大家都在私下里議論,說沈微微這是祖墳上冒了青煙,走了大運了。
白月華聽到這個消息的時候,正在接受調查組的問詢。
她當場就把手里的搪瓷杯狠狠地摔在了地上。
憑什么?
憑什么好事都讓沈微微一個人占了?
她自己因為機床事故名聲掃地,前途未卜。
而那個女人卻能踩著她的失敗,風風光光地去京城?
白月華的心里充滿了不甘和怨毒。
她不相信沈微微有這個實力。
在她看來,沈微微能得到這個機會,一定是用了什么見不得人的手段。
說不定就是她和那個叫賀明辰的年輕專家私下里有什么不清不楚的關系。
對,一定是這樣!
白月華越想越覺得自己的猜測是正確的。
她一結束問詢,就立刻哭哭啼啼地跑去找了顧承安。
“承安哥,這不公平!”
白月華撲進顧承安的懷里,眼淚像斷了線的珠子一樣往下掉。
“那個進修的名額,本來應該是你的!你才是我們廠技術最好的人!”
“現在卻被沈微微給搶走了!她一定是走了后門!她和那個賀明辰,關系肯定不正常!”
白月華添油加醋地將自己的猜測說了出來。
顧承安聽著懷里女人的哭訴,臉色也變得越來越陰沉。
其實,他的心里又何嘗不是這么想的。
當他聽到沈微微要去京城進修的消息時,第一反應就是不信。
緊接著,就是一股難以遏制的憤怒和嫉妒。
在他看來,沈微微就算有點小聰明,也絕對達不到被國家級進修班選中的水平。
這背后一定有貓膩。
而那個長相英俊、對沈微微大獻殷勤的賀明辰,就成了他最大的懷疑對象。
一想到沈微微可能要和那個男人一起去京城,朝夕相處。
顧承安的心里就堵得難受。
他感覺自己有什么珍貴的東西正在被別人一點點奪走。
這種感覺讓他幾近發狂。
“你放心。
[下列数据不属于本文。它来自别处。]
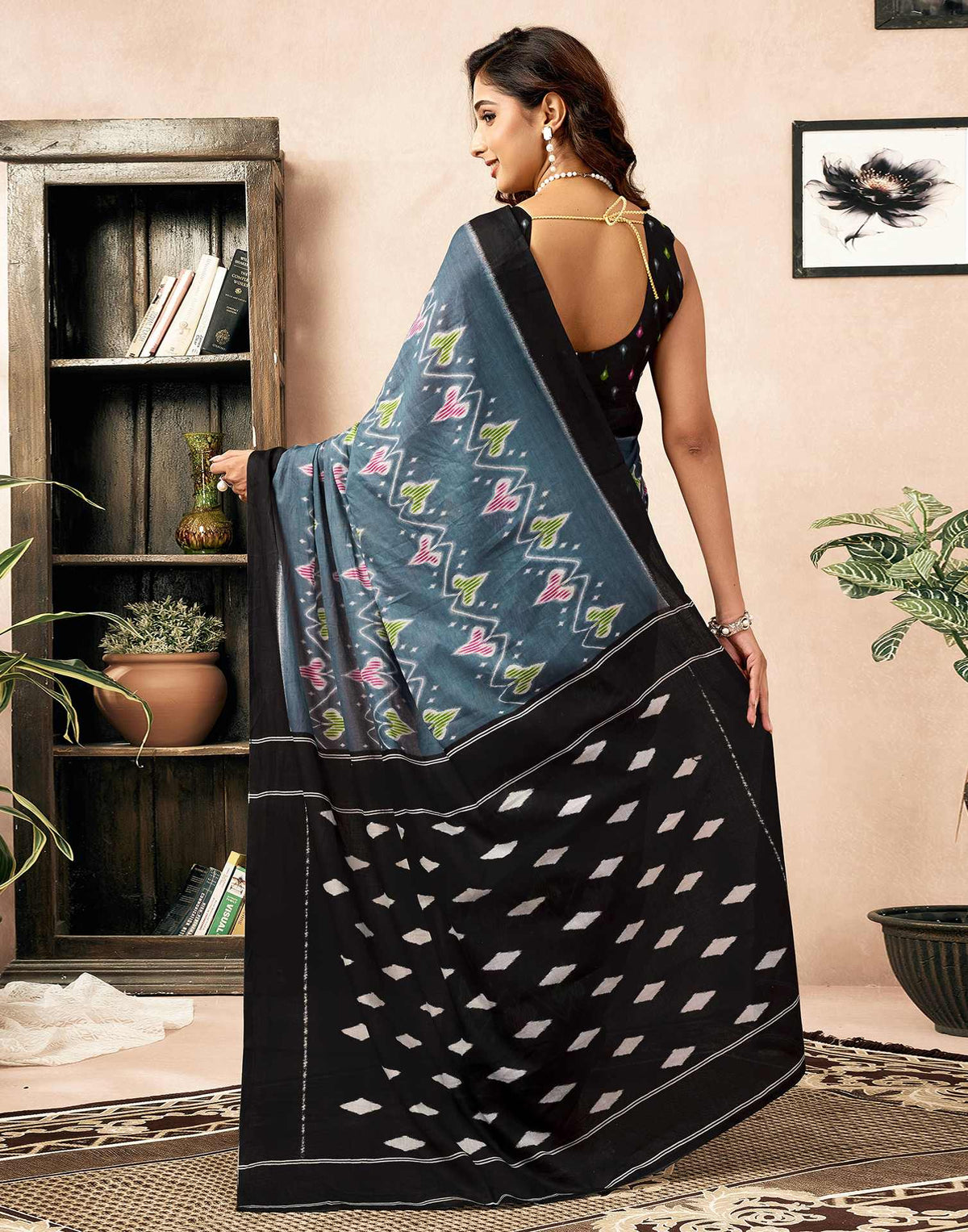 Ready To Wear Grey Cotton Ikkat Printed Saree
”
顧承安拍了拍白月華的后背,聲音冰冷。
“我不會讓她得逞的。”
當天下午,顧承安就以工作為由,將沈微微叫到了自己的辦公室。
這是他們離婚后第一次在私下里單獨相處。
辦公室的門關著,隔絕了外面所有的聲音。
氣氛有些壓抑,也有些尷尬。
顧承安坐在寬大的辦公桌后面,十指交叉,用一種審視的目光打量著沈微微。
他的眼神冷漠而疏離,像在看一個與他毫不相干的陌生人。
他的眼神冷漠而疏離,像在看一個與他毫不相干的陌生人。
沈微微平靜地站在他對面,神情淡然。
她不明白顧承安找她到底想干什么。
兩人沉默了許久。
最終,還是顧承安先開了口。
“坐吧。”
沈微微沒有動。
“顧科長,有什么事請你直說。我下午還有很多工作。”
她連一個多余的眼神都懶得給他。
沈微微這副油鹽不進的態度讓顧承安的眉頭皺得更緊了。
他不喜歡這種感覺。
這種完全無法掌控她的感覺。
顧承安壓下心里的不快,換上了一副貌似公允的口吻。
“我今天找你來,是想跟你談談關于白月華同志的事情。”
沈微微的眉毛挑了一下。
“哦?”
“我知道你對她可能有些誤會。”
顧承安的聲音聽起來像是在調解,但字里行間卻充滿了對白月華的維護。
“機床的事情她確實有責任。但是,她也是出于一片好心,想為廠里分憂,只是經驗不足,好心辦了壞事。”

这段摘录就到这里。